In the UK, where health care delivery and drug distribution systems are among the best in developed nations, pharmacy education does not have to follow the pattern described above. Although the health needs of a country like Nigeria are different from those of a developed nation like the UK, the skills and knowledge required of pharmacists to handle such varied health needs are about the same. In short, the UK would benefit immensely by training pharmacists up to the PharmD level (now popular in the US). This could be in the form of a two-tier system, in which those students not interested in clinical skills could opt for the MPharm degree and others would stay on at university to complete the PharmD degree. The focus of the PharmD degree could be geared towards producing pharmacists who can manage common diseases in the community setting, and at the same time are able to communicate effectively with medical doctors. The online version of the PharmD degree, as offered by the University of Florida to working pharmacists, could be a good source of revenue for UK pharmacy schools, thereby creating a win-win situation for the profession. Until recently, the need to train UK pharmacists to be clinically qualified was not necessary. However, this is also about to change, particularly with the expectation from primary care trusts for pharmacists to take up some of the commissioned services already provided by GPs.

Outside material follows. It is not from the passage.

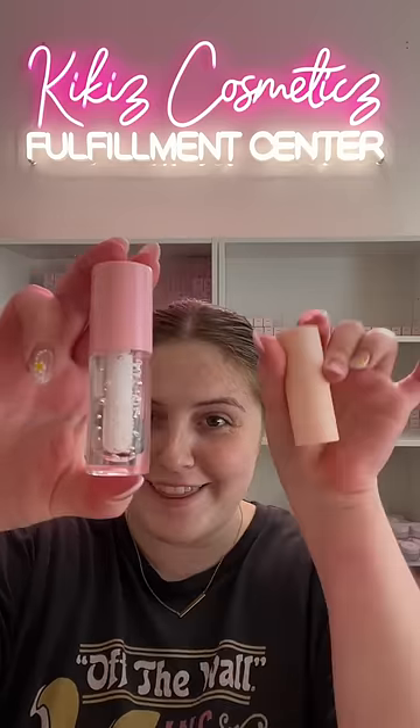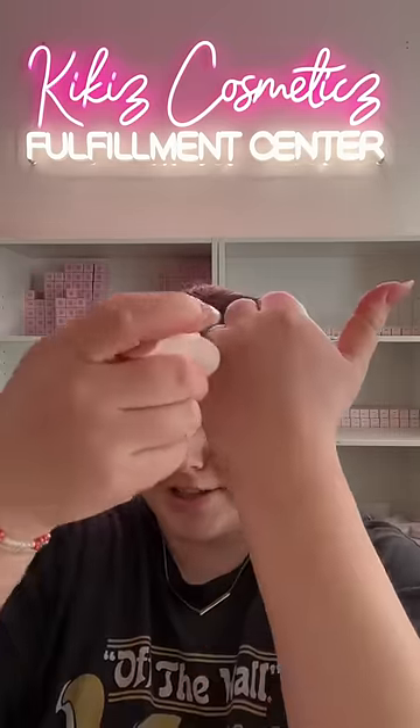You know that trend where you mix eyeshadow with clear lip gloss? I don't sell eyeshadow, but I do sell cream blush, so I wanted to mix a clear lip gloss with a cream blush. This is shade Ripe Hawthorne — it's one of my least selling blush shades, but I think it's gorgeous.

Finally, encouraging all UK pharmacy schools to form alliances with medical and biomedical schools, and reviewing the pharmacy undergraduate and postgraduate training to produce clinically qualified pharmacists, would not only help to save resources for the NHS, provide greater choice for the public, and better the skills and motivation of independent prescribers, but would also further convince our critics that the pharmacy profession has a role to play in improving the health of the nation through independent prescribing.